Invecchiare spendendo e morire risparmiando

La correlazione fra l’incremento della spesa sanitaria, che interessa tutti i paesi industrializzati, e l’invecchiamento è un fenomeno documentato e universalmente accettato. Più dibattuto è il motivo per cui questo si verifichi: l’attenzione è spesso centrata sul paradigma che gli anziani consumino più risorse sanitarie in quanto generalmente più malati. Tale assunto, unito alle proiezioni demografiche che vedono la popolazione mondiale in costante invecchiamento, porta con sé molte preoccupazioni legate alla sostenibilità futura degli attuali sistemi sanitari. Diversi autori, tuttavia, studiando i consumi sanitari nella popolazione, hanno dimostrato che le persone che consumano più risorse sono quelle che si trovano nel periodo (uno, due anni) che precede il decesso, indipendentemente dalla loro età (vedi anche  Età, prossimità al decesso e spesa sanitaria) . Questo dato ha fatto loro ipotizzare che, quindi, l’incremento di costi che si ha a carico delle persone anziane non sia tanto correlato all’invecchiamento in sé quanto al fatto che tra queste persone sono di più quelle che sono vicine alla morte. In sostanza, le fasce di popolazione di età più avanzata avrebbero una crescita di costi sanitari perché in esse è maggiore il tasso di mortalità[1-9].

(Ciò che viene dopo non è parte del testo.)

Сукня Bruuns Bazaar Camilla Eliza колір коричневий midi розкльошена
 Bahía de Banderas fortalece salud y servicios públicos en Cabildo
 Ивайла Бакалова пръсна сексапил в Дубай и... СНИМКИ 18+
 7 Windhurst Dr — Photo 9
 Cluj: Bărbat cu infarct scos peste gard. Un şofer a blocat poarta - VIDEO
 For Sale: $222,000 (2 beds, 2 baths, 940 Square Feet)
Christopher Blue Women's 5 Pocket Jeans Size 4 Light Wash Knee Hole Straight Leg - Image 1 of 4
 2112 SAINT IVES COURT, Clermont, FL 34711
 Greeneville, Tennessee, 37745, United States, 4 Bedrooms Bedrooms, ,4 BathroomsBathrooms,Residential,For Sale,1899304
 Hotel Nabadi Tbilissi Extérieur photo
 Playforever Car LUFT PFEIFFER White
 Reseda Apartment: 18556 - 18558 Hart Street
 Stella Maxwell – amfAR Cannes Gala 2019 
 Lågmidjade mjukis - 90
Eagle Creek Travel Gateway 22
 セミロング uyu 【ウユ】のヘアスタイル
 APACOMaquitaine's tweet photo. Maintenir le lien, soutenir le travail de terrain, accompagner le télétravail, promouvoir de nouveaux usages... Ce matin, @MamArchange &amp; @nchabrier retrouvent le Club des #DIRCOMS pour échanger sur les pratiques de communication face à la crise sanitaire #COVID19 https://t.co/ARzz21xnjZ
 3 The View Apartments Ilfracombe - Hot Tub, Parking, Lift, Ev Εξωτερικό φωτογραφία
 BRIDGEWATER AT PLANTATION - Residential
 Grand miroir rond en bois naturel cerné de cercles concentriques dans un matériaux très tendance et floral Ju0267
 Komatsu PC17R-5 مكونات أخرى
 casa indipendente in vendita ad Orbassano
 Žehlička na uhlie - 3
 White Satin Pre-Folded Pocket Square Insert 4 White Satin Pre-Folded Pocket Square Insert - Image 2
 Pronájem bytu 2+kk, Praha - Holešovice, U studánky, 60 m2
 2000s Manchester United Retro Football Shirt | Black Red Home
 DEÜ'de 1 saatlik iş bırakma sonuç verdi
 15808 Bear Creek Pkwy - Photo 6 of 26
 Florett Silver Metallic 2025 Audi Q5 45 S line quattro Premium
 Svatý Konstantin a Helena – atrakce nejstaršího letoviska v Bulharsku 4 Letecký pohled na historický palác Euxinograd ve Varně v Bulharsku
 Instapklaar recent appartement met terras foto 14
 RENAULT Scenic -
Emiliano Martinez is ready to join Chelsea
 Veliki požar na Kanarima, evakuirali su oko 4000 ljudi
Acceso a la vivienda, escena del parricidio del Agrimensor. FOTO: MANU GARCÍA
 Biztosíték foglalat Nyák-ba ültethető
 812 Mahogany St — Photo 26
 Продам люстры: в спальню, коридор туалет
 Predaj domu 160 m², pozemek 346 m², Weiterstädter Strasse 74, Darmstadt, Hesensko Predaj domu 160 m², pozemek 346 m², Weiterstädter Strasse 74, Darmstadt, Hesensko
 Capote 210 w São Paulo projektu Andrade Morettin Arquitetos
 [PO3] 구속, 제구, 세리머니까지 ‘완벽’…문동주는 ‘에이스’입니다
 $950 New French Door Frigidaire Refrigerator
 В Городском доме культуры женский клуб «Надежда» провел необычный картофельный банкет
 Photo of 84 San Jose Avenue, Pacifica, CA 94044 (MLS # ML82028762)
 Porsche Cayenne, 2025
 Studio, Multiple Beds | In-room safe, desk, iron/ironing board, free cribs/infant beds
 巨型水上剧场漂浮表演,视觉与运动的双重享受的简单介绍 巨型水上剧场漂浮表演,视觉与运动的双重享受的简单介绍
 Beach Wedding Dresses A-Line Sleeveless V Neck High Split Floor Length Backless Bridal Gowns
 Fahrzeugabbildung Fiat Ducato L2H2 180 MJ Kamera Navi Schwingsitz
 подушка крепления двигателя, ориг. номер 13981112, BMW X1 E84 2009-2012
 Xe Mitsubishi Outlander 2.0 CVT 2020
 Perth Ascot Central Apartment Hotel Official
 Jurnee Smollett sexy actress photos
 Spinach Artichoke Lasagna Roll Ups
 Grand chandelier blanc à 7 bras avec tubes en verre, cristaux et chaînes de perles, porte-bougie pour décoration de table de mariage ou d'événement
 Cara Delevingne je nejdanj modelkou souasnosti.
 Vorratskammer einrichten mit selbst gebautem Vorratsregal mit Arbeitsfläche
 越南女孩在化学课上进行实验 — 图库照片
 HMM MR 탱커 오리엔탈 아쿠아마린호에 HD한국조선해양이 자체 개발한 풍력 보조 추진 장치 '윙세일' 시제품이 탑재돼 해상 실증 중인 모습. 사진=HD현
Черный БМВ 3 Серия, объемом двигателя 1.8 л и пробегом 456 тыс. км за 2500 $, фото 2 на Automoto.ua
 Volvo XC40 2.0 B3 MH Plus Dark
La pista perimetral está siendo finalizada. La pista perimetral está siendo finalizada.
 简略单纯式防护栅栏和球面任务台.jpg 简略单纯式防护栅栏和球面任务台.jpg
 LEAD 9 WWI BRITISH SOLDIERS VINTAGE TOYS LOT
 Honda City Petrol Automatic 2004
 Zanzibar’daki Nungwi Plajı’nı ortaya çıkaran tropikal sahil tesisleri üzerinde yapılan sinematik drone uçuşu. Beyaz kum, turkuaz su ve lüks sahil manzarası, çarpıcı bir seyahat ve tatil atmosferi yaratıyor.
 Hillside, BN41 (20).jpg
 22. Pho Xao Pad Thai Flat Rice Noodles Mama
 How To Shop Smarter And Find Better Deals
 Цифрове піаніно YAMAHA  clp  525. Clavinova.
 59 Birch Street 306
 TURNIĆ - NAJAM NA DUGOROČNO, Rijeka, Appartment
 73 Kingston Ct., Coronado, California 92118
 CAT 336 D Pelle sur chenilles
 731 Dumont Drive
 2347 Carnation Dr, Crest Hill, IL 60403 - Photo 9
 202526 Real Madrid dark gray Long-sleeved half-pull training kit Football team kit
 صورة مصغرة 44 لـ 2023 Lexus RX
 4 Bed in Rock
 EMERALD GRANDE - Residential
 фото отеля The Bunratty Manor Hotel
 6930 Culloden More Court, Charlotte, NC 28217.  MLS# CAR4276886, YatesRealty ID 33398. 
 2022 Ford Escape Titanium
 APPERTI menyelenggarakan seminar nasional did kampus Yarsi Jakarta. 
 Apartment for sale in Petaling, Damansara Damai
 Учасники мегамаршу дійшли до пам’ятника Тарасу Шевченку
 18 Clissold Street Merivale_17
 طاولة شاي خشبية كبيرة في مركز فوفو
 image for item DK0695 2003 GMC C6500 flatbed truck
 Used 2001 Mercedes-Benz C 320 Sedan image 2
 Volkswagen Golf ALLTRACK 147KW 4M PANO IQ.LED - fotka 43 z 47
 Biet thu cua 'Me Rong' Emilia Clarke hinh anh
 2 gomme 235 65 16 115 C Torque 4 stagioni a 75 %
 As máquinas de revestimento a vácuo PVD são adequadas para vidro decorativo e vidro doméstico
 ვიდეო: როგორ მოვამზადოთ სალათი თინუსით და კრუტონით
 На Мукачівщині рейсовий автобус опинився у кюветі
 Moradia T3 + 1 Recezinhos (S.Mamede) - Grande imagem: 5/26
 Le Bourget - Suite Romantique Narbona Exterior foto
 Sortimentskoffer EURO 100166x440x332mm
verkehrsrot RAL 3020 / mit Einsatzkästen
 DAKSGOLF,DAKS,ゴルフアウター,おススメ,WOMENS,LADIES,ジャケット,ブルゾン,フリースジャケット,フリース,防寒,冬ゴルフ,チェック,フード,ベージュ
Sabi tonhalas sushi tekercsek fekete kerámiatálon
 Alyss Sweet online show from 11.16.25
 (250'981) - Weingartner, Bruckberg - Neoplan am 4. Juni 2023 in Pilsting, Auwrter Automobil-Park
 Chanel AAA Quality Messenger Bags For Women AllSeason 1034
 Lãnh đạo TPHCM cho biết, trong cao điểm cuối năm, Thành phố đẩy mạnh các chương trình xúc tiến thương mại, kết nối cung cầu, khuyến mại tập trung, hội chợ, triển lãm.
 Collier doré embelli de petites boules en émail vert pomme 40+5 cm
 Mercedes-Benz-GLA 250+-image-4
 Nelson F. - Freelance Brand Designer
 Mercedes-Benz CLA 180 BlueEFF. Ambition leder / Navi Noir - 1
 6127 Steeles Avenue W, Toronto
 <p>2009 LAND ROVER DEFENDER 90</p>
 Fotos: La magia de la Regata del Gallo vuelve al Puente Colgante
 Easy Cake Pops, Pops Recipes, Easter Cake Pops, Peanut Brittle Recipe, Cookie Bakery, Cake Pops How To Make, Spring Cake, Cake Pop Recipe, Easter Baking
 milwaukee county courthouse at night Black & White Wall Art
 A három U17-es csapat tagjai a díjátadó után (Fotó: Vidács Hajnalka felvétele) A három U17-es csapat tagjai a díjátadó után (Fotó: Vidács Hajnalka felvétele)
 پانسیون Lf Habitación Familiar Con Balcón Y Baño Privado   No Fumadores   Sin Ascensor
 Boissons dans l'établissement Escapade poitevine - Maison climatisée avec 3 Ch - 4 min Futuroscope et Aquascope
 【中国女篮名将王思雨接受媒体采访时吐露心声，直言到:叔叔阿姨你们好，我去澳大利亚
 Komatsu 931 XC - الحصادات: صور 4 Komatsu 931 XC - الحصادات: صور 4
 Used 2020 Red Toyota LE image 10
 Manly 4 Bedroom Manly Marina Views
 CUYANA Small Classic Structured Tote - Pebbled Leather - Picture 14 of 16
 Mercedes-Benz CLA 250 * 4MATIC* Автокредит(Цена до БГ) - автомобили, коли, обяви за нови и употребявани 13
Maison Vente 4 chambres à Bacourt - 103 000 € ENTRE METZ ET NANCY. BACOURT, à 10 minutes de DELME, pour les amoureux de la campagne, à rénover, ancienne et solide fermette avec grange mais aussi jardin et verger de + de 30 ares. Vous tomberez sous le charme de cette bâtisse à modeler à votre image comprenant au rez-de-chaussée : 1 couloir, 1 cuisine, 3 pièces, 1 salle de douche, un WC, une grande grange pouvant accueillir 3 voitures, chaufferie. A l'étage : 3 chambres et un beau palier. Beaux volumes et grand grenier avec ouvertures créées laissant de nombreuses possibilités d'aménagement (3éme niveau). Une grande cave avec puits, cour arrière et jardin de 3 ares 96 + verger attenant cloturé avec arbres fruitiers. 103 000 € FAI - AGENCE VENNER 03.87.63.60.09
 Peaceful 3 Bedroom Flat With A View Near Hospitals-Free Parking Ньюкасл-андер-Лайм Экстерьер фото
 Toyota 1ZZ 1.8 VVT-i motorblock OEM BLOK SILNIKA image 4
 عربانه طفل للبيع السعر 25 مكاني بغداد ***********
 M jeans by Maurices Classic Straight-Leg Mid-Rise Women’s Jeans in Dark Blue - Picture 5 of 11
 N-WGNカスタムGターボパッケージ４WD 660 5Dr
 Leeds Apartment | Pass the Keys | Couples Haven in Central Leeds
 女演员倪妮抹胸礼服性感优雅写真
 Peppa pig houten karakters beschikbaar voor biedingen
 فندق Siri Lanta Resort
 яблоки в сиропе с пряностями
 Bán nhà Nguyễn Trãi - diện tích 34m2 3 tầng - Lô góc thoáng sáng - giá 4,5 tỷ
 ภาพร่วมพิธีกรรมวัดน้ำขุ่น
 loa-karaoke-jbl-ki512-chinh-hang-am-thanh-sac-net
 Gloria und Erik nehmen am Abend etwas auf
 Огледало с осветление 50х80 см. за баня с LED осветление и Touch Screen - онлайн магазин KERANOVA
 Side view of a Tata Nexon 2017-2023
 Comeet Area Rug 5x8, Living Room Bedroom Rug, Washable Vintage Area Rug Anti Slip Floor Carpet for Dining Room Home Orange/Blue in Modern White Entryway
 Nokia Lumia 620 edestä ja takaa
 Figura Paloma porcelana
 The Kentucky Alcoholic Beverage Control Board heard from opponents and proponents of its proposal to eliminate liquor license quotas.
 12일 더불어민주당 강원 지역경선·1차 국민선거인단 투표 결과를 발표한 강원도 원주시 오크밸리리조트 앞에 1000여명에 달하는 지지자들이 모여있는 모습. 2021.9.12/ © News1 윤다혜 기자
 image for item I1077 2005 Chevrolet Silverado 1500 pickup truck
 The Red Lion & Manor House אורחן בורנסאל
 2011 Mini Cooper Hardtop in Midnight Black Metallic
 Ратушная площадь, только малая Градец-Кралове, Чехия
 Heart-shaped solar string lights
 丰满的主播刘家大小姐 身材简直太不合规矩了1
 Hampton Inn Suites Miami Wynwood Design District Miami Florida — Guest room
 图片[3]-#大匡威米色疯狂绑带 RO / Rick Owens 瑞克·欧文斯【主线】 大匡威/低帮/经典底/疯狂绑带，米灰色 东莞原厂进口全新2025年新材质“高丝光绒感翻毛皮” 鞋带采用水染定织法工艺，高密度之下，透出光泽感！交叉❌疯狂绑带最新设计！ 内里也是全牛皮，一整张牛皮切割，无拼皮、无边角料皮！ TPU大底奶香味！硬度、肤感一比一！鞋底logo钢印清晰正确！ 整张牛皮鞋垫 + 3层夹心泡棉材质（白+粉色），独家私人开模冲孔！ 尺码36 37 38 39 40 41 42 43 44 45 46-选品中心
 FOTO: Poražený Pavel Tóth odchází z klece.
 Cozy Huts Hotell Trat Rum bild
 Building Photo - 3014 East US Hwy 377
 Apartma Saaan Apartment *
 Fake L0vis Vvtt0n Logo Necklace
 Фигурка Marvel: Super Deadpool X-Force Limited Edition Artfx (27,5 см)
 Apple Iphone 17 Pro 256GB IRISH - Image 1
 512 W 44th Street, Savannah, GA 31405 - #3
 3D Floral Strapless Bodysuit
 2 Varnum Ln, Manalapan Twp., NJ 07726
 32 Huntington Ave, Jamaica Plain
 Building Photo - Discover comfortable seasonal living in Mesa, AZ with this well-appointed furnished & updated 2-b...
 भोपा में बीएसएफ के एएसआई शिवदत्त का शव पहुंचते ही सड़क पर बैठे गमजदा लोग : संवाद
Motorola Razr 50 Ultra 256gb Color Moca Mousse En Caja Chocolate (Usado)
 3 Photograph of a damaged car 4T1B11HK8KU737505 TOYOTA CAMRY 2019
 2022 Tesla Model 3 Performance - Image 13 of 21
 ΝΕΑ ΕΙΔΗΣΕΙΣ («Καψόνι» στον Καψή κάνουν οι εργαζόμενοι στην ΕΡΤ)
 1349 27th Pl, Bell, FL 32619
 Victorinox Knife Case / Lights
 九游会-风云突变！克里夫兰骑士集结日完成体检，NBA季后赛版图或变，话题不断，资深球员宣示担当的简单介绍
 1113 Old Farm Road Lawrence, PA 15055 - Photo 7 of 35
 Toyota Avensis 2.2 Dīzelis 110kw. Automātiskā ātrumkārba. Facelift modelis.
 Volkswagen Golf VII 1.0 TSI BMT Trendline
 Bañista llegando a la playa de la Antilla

Un altro dato emerso da questi studi è stato quello che, analizzando i consumi di persone nei loro ultimi anni di vita, si è visto che a spendere di più non sono gli anziani ma i giovani. Quanto illustrato finora avrebbe delle ripercussioni importanti nella valutazione del peso dell’invecchiamento nelle future evoluzioni della spesa sanitaria. Infatti, se l’aumento delle spese non risulta legato all’invecchiamento in sé ma alla morte, aumentando la speranza di vita della popolazione mondiale, non assisteremmo ad un incremento dei costi sanitari ma solo ad un loro spostamento in avanti conseguente alla posticipazione dell’evento morte che è la causa dell’aumento dei consumi. Anzi, essendo i costi relativi alla morte minori nelle età più avanzate, avremmo una sorta di risparmio. Un sessantacinquenne del “futuro” spenderà meno di un suo coetaneo di oggi perché più lontano dal momento della morte e quando morirà, siccome sarà più anziano di quanto non avvenga ora, spenderà meno. Il peso dell’invecchiamento sulla sostenibilità dei sistemi sanitari sarebbe dunque ridimensionato, facendo tirare un sospiro di sollievo a chi ha il compito di programmare le risorse da investire in sanità. Tuttavia tale teoria oltre a presentare diversi limiti, presenta anche alcuni rischi. Il limite più evidente, già ampiamente discusso in letteratura, è che i costi sanitari relativi al periodo che precede la morte rappresentano solo una piccola parte (10, 15%)[8;10-14], della spesa sanitaria totale, in ragione del fatto che ad oggi, la percentuale di persone vicine alla morte nella popolazione generale è molto bassa grazie a politiche sanitarie che hanno permesso, finora, che i tassi di mortalità siano ai livelli minimi nella storia.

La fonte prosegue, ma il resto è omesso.